The new GDP back series data released last week by the National Statistical Commission were not accepted by the current government saying that the figures were not official but experimental, while the former called it work-in-progress. The Congress, on the other hand, did not fail to seize the opportunity to show how the economy had fared better under UPA than under NDA.
Bloomberg’s analysis of the new series GDP data released on August 17, 2018, showed that growth was higher over 2003-04 to 2011-12 and lower before that from 1994-95. This has resulted in a renewed battle between the now government and the UPA, with the latter claiming that the economy was mismanaged every time the NDA was in power and soared high under the UPA regime.
The earlier series was calculated based on the base year of 2004-05, and the new series has been calculated on the base year of 2011-12.
However, the story that the numbers tell is not so simple.
While the difference between the GDP values calculated using two different base years is not very significant, we tend to overlook many parameters overshadowed by the GDP when it comes to the actual economic well-being of a country.
Consider the 2008-9 period. The Indian economy witnessed double-digit growth in 2007-08 (as per the new series), right before the global financial crisis. The current account and capital account deficits were more steady compared to the 2010-11 period. This period also witnessed high global growth. However, inflation was extremely high at above 9%.
In 2010-11, GDP growth was 10.78% (based on new series data). However, if one considers macroeconomic variables in the same year, it can be seen that it was also a period of high inflation. This growth can also be attributed to the fiscal and monetary stimulus following the 2008-09 global financial crisis, which was not withdrawn for long, eventually resulting in wider deficits and higher inflation.
Further, growth rates under the current BJP regime were adversely affected due to the introduction of disruptive reforms such as demonetization and GST, which are expected to show positive economic effects with a lag, like any other reform.
Then and Now: So what’s the difference?
A back-dated GDP series allows economists to better gauge the potential growth rate of an economy. Earlier in August, the IMF estimated India’s potential growth rate at 7.3% for 2017-18 and expects the rate to be ~7.75% for 2018-19. Based on the new data, Bank of America-Merrill Lynch estimates India’s potential growth rate to be ~8% for 2018-19.
Further, a comparison of the growth rates in the old series with 2004-05 as the base year and the new one with 2011-12 as the base year carried out by Bloomberg revealed minimal differences.
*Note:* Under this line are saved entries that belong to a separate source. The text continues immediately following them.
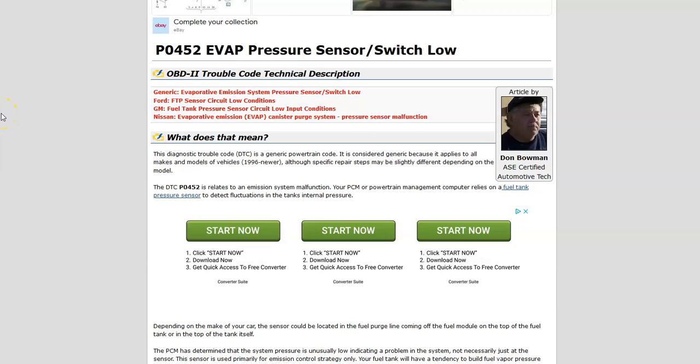Today I'm talking about a Honda with the P0452 code — what it is and how you go about fixing it. The P0452 is the EVAP pressure sensor switch low. The EVAP system was created to help stop gas vapors from going into the atmosphere, so they get sent back to the engine to get burnt off. It's part of emissions.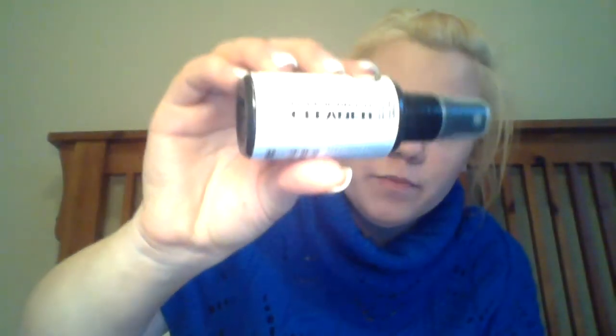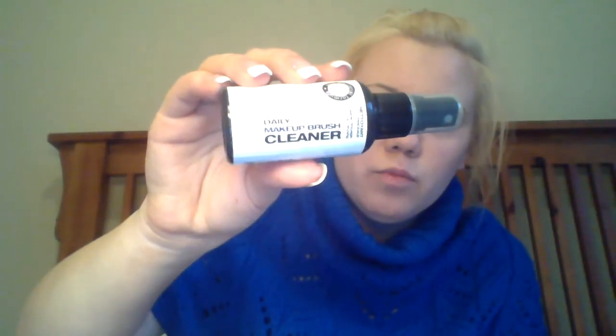I intentionally didn't clean mine this morning so that I could do this. But yeah, this is what I use — I've shown it to you before. This is Sephora brand, it was $6. Not bad at all.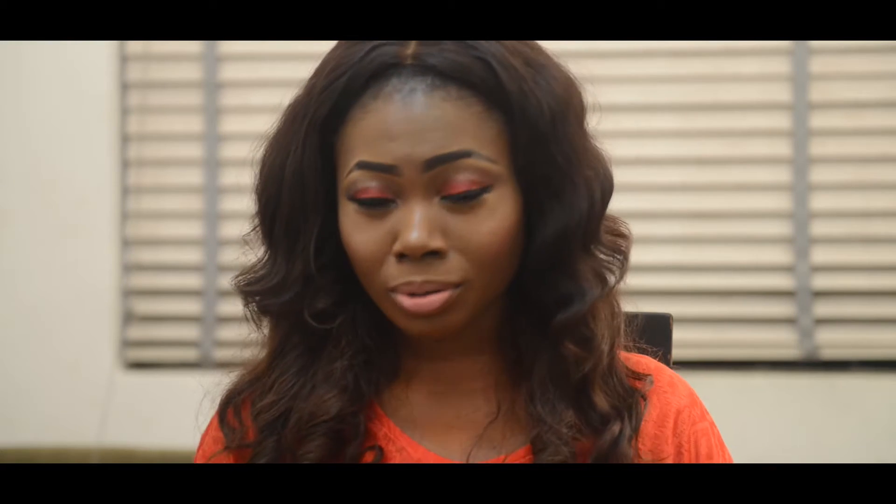Hello guys, welcome back to my channel. This is Tomi. Thank you so so much for subscribing, for all the likes, the comments, and everything — I appreciate every one of you. Thank you so much. And if you've watched this tutorial or this makeup clip, I would like you to check the link down below to see how I created the look.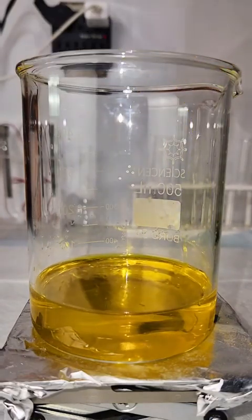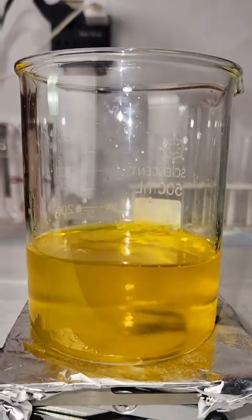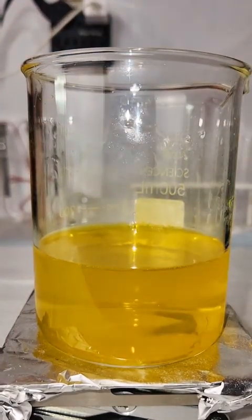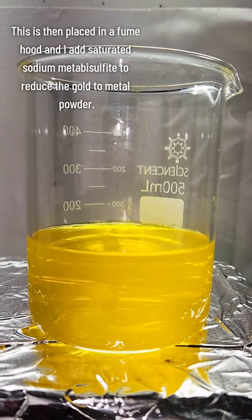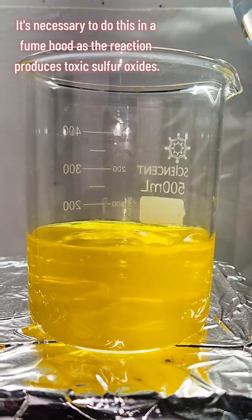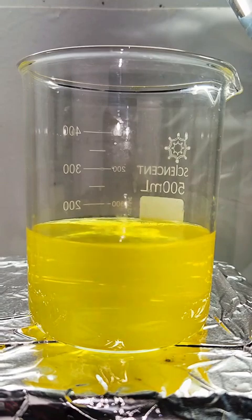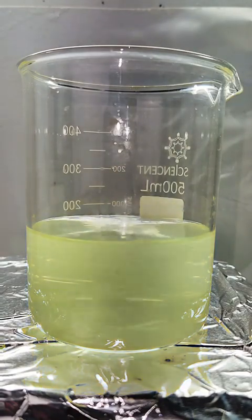To begin processing my chloroauric acid back to metallic gold, I start by adding a strong solution of urea to it, which will neutralize any residual nitric acid. I then transfer my beaker to a fume hood and slowly add a saturated solution of sodium metabisulfite, which is going to reduce the chloroauric acid back to metallic gold. This results in an immediate and interesting color change as the gold is precipitated out as an extremely fine powder.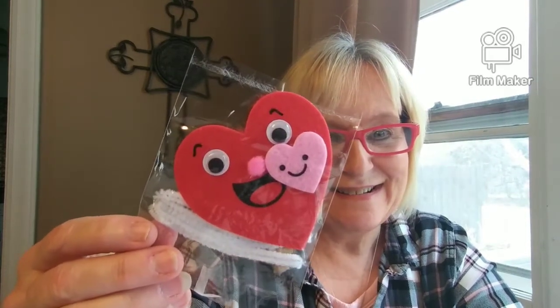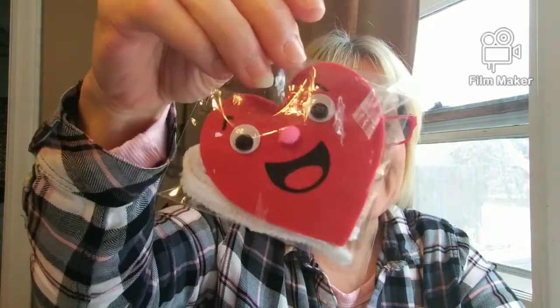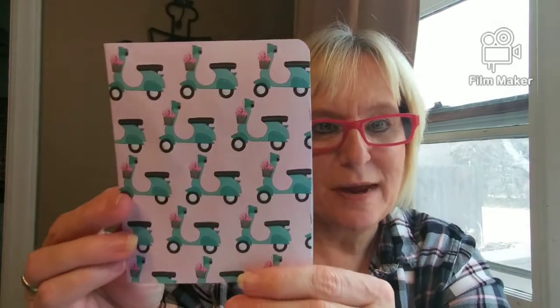Oh, aren't these adorable? Look here, guys! I got a couple of them — there's one, two, three. Oh, look at that smile! We got this one, four. Let me see if it says something on the back. It doesn't say anything really on the back, just a company name. That is adorable! Oh, look at this paper — that is adorable, I'd like to have one of those!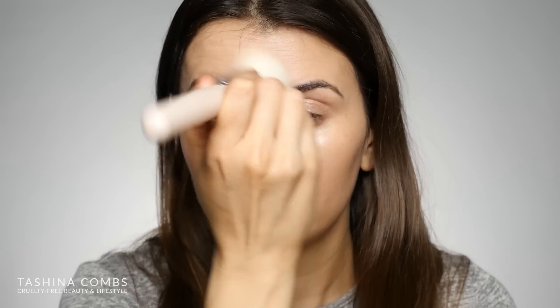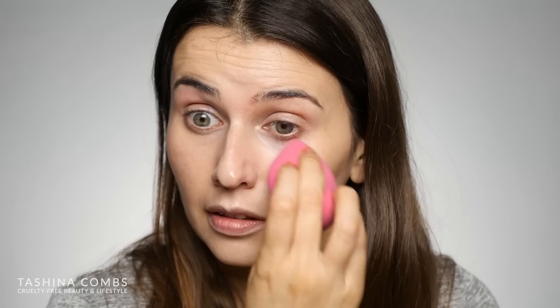On my face I'm going to blend the concealer out with the flat top kabuki, and around my eyes I'll use the beauty sponge. I will say this beauty sponge is not my favorite — it's much more firm than the one from Beauty Blender or Eco Tools, and a bit more similar to the Real Techniques one. It does work really well with the creamy products from 100% Pure, so they did a good job creating a sponge for their products. The brush is really, really good, and the beauty sponge did blend the concealer nicely too.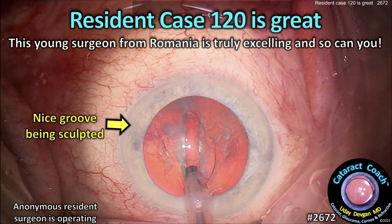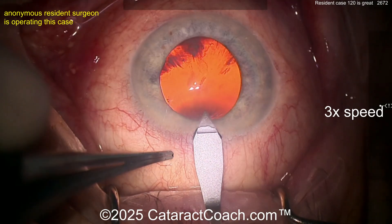CataractCoach.com resident case 120 is great. This young surgeon from Romania is truly excelling and so can you. Let's watch and learn from this case together. The video is at three times normal speed, so sped up a little bit.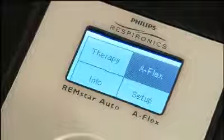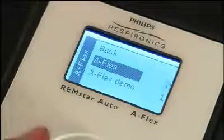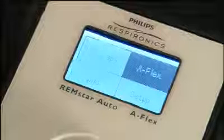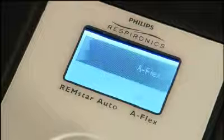There are a few other features on your device that you may want to explore. With the device on and the home screen displayed, turn the control wheel to highlight flex and press the wheel down to select. Your screen will display A-Flex, C-Flex, C-Flex Plus, or Biflex, depending on which System 1 device you're using. The Flex Comfort feature lets you adjust the level of air pressure relief you feel when you exhale during therapy. You have three levels of relief to choose from. Your home care provider may enable, lock, or disable this feature. If it's enabled, turn the wheel to highlight the Flex level and press the wheel to select it. The Flex demo gives you a chance to try out the three different levels. When you're done, turn the wheel to select back and press to return to the home screen.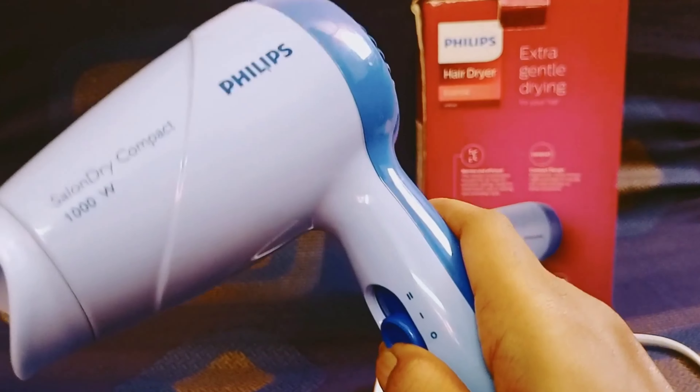If you want to use it, you can use it for personal use. You can use it to start styling your hair. It is correct for personal use.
The GDP can be calculated using either expenditure numbers or production numbers, and a reconciliation between both these methods is the discrepancy variable that can be seen in the comparison.
While considering economic growth, especially after the 2008 crisis, one must note that several favorable policies were implemented. India’s economy has also benefited from global growth and other macroeconomic factors. Recent initiatives such as GST and demonetization have had a bearing on the GDP numbers, so have fiscal and monetary stimuli in the past.
Hence, the GDP figure or growth rate alone is not the only and tell-all sign of a nation’s economic health. How it has been calculated and the global and national economic scenario prevailing at the time must also be considered. Further, measures such as gender parity, climate change, water and sanitation, and human development index should be included while quantifying a nation’s holistic development.